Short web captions
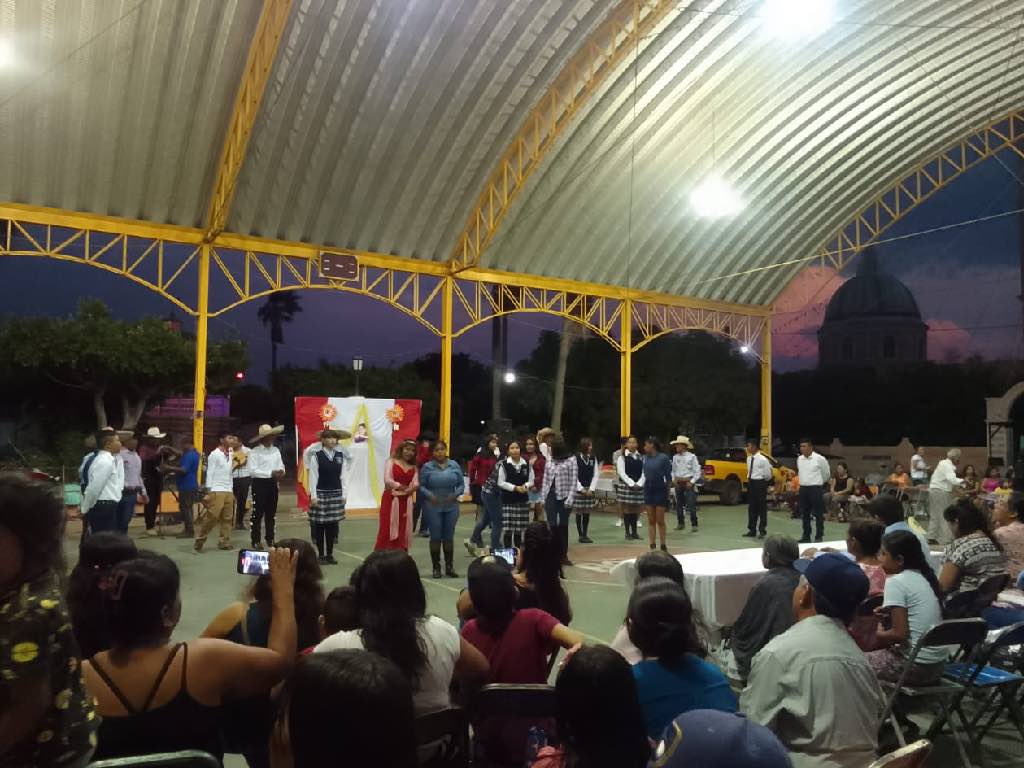 Reconocen participación de padres en la formación de “hombres nuevos” en Bachillerato de San Pablo Anicano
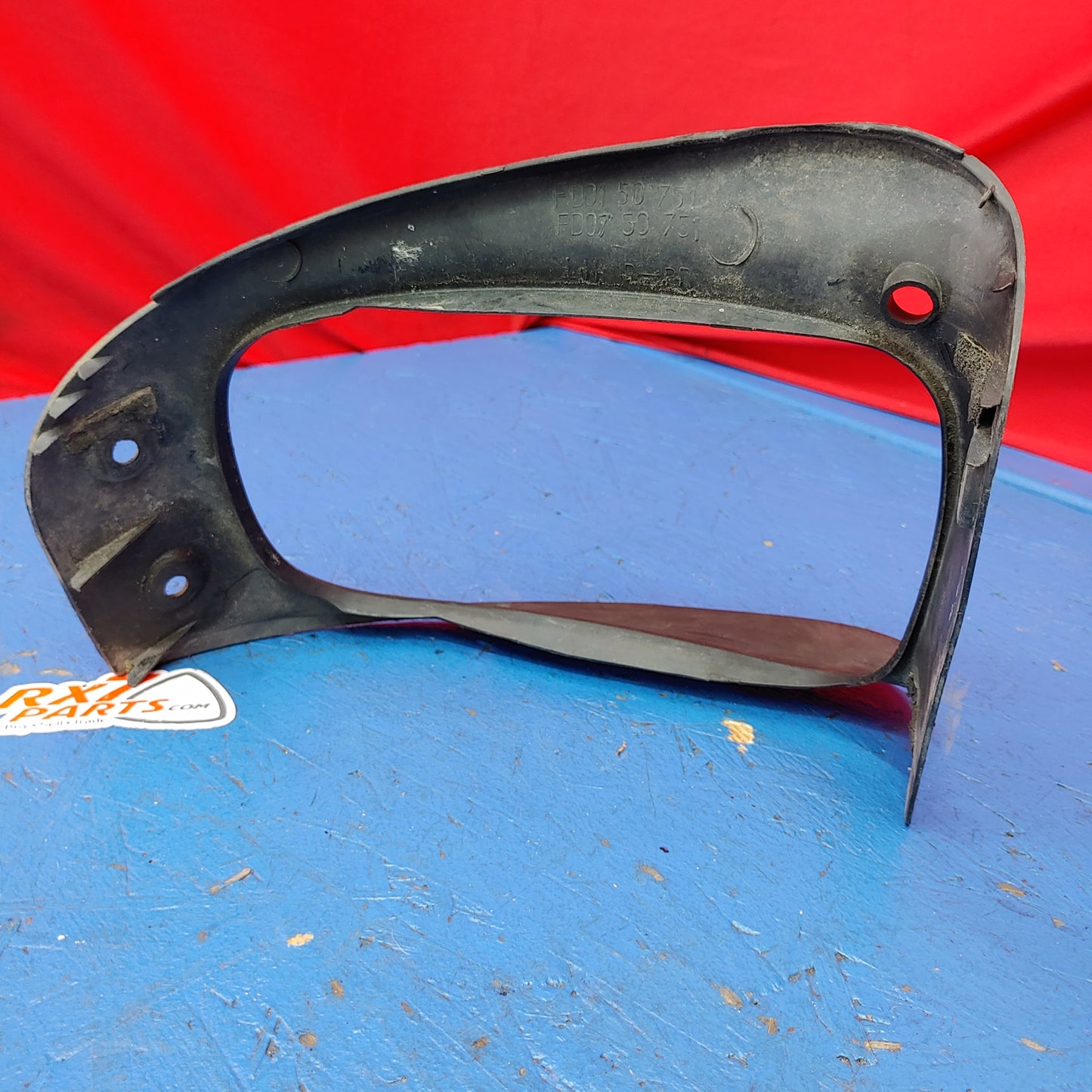 LHD, RHD Left Headlight Bezel FD01-50-751 RX7 FD FD3S 93 - 02 Mazda S11B29/6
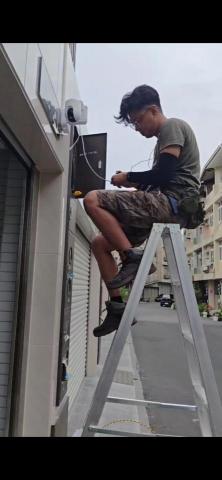 崛立數位工程 - 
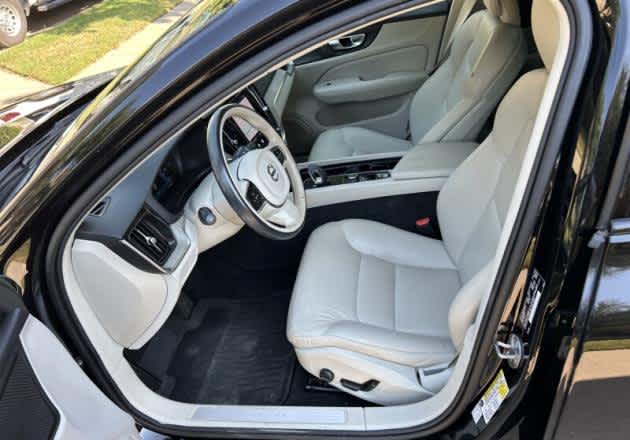 2023 Volvo V60 Cross Country Plus
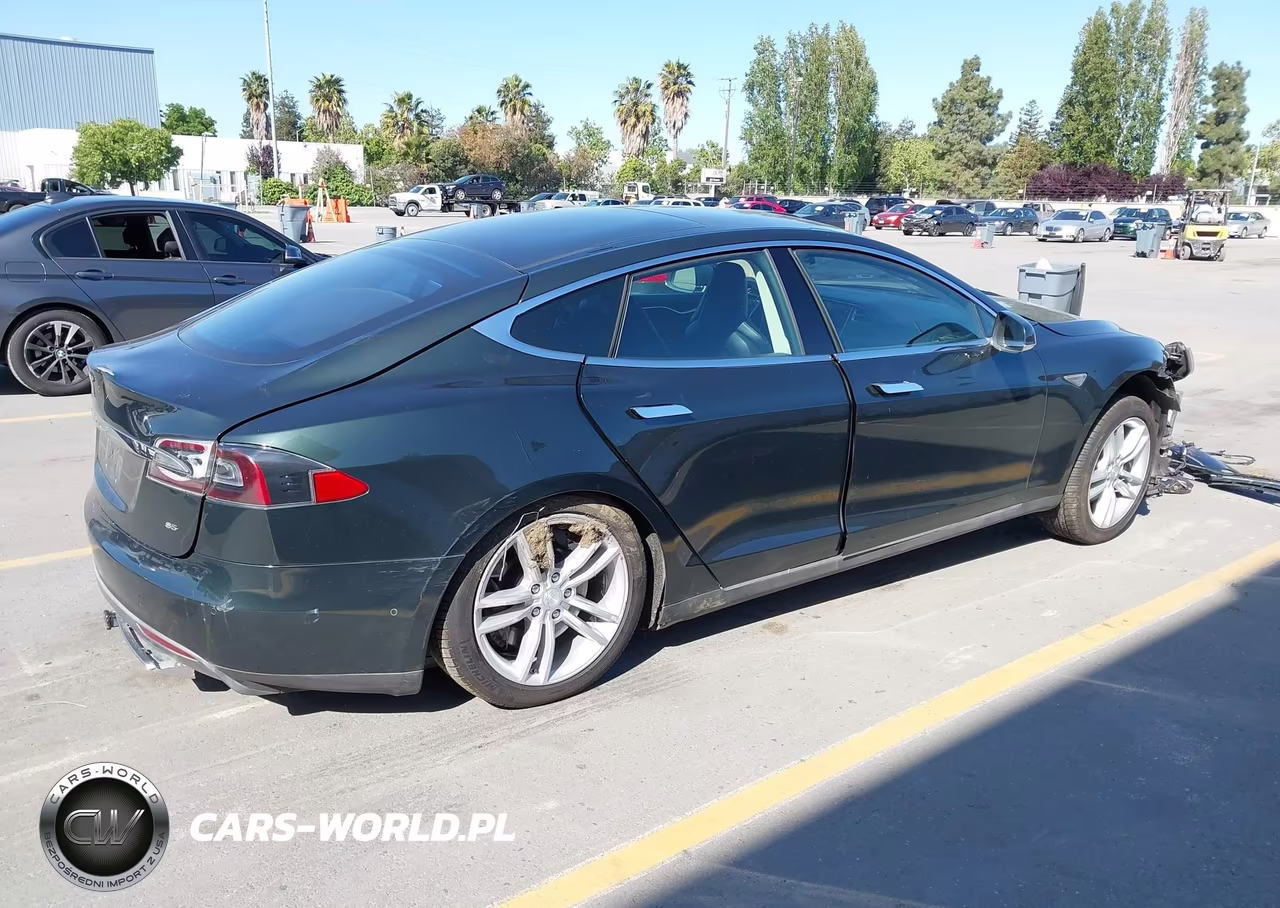 2014 Tesla Model S P85 VIN:5YJSA1H17EFP53722 - 4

EXERCISE — What you return must match the records exactly, apart from the images, which are omitted.

EXERCISE SOLUTION —
 Reconocen participación de padres en la formación de “hombres nuevos” en Bachillerato de San Pablo Anicano
 LHD, RHD Left Headlight Bezel FD01-50-751 RX7 FD FD3S 93 - 02 Mazda S11B29/6
 崛立數位工程 - 
 2023 Volvo V60 Cross Country Plus
 2014 Tesla Model S P85 VIN:5YJSA1H17EFP53722 - 4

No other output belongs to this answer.